By Hayes Hunt
Recently, the Chief Judge for the United States District Court for the Southern District of New York refused to recuse herself from a case simply because her husband and his clients may have been the victim of the defendant’s efforts to hack a computer system. Similarly, a Philadelphia judge acquitted a defendant/police officer and his verdict raised “concerns” that the judge was married to a police officer.
Since 2009, when the Supreme Court issued its decision in Caperton v. A.T. Massey Coal Co., Inc. 556 U.S. 868 (2009), the issue of recusal has been a hot topic in civil and criminal litigation. In Caperton, the Supreme Court ruled that a justice on the West Virginia Supreme Court violated the Due Process Clause of the Fourteenth Amendment by not recusing himself in the case. Recusal in the case was sought after the appellant’s chairman and principal officer gave a substantial donation to the justice’s election campaign.

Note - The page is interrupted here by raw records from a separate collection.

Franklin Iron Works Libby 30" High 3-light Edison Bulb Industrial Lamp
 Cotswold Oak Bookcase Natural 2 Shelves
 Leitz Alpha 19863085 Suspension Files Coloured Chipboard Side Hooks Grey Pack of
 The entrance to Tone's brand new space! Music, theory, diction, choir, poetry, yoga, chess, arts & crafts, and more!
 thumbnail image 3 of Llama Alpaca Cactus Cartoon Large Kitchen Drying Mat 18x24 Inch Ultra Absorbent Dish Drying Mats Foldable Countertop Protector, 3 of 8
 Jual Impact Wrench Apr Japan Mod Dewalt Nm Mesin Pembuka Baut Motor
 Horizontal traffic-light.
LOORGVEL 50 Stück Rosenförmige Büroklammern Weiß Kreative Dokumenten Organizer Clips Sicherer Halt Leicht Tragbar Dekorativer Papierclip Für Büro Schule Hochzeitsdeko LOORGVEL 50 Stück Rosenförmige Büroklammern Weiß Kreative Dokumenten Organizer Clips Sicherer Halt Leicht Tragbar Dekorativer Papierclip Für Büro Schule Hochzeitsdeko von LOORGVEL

28 U.S.C. § 455 governs disqualification of federal judges. Pursuant to § 455, a judge “shall disqualify himself in any proceeding in which his impartiality might reasonably be questioned.” (emphasis added). A judge’s disqualification also is required in particular circumstances. A judge is required to recuse himself when: (1) he has personal bias or prejudice towards a party; (2) he served as a lawyer in the matter; (3) he previously practiced with a lawyer involved; (4) has a financial interest in the matter; or (4) a person with whom he or she has a relationship is involved as a lawyer or party in the proceeding.